This is our second mini episode. We talk about child and disability shaming (especially through children’s books) as well as parent shaming. We also discuss the sad fact that some providers for children with special needs do not accommodate for the extra needs of the children when scheduling appointments or making sure the children can be seen in their office.
Jessica: This is Jessica,
Lewis: and this is Lewis.
Jessica: We have a preschooler and a toddler. Our children are a different kind of perfect. This is a show about surviving Parenthood throughout raising children with special needs. Well, keeping ourselves at our sanity intact. This is FUBAR surviving Parenthood with special needs kids. Hello everyone.

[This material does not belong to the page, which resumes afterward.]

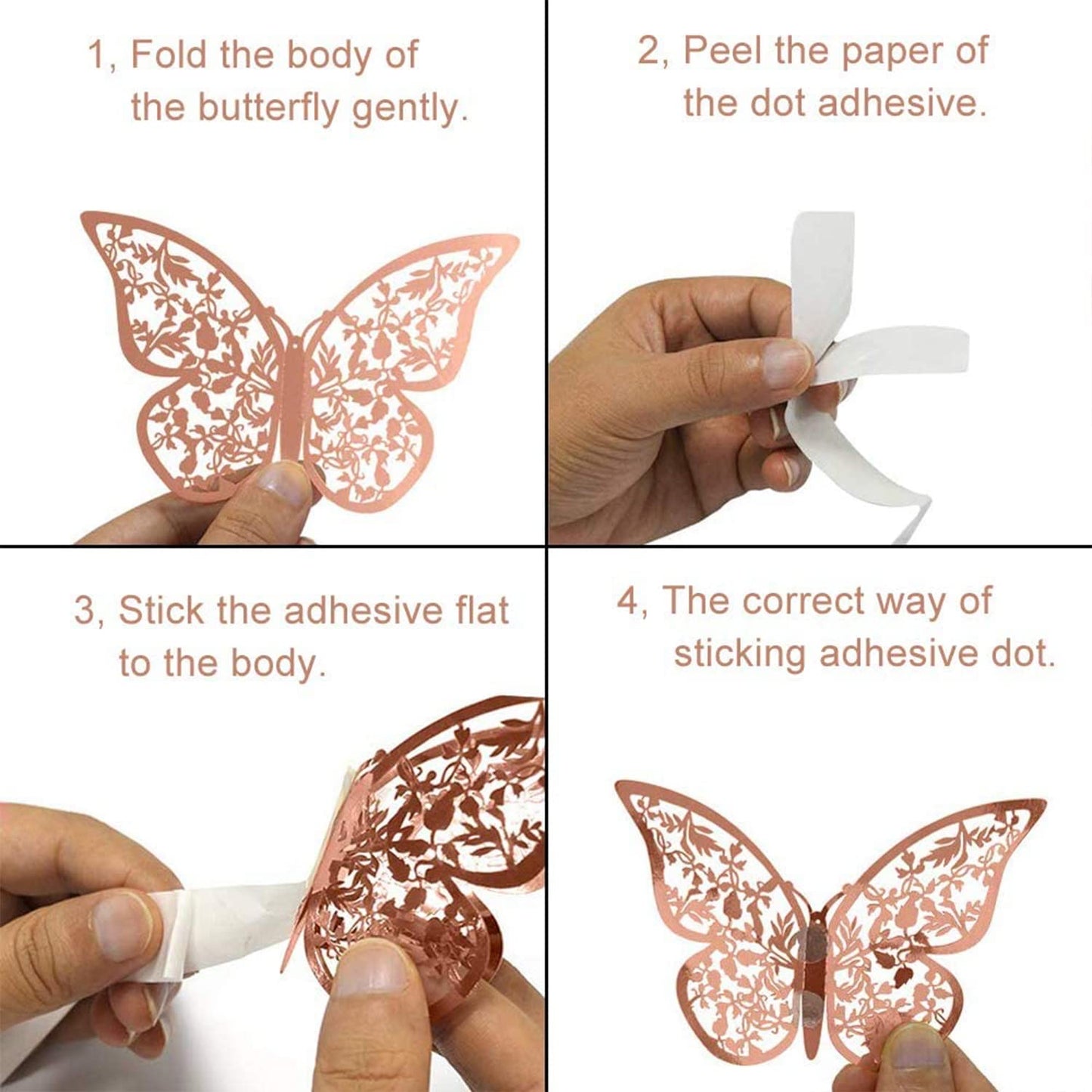 12pcs 3D Gorgeous Shiny Rose Gold Butterfly Stickers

Jessica: Welcome to FUBAR surviving Parenthood with special needs kids. This is your host, Jessica. I’m alone again today. We’ve got some sick kids, so I’m just going to do a little bit of a mini episode about some things that I’ve been noticing lately. So today I wanted to talk about shaming in general.
Both parents shaming and also shaming of the child with special needs. This is an issue that’s been on my mind for a while and I wanted to talk about it. Alex had a birthday relatively recently and a family member was kind enough to gift us a book and it looked really cute. It had, at least on the book, it said it was a number one bestseller.
She’ll like, Oh, this’ll be really cute. The book is called the wonky donkey. And it said it had a song, it sounded cute. And then you open up the book and one of the things that happens is a bird sees a donkey that has only three legs, and they call it the wonky donkey. It goes on to say that he only had one eye.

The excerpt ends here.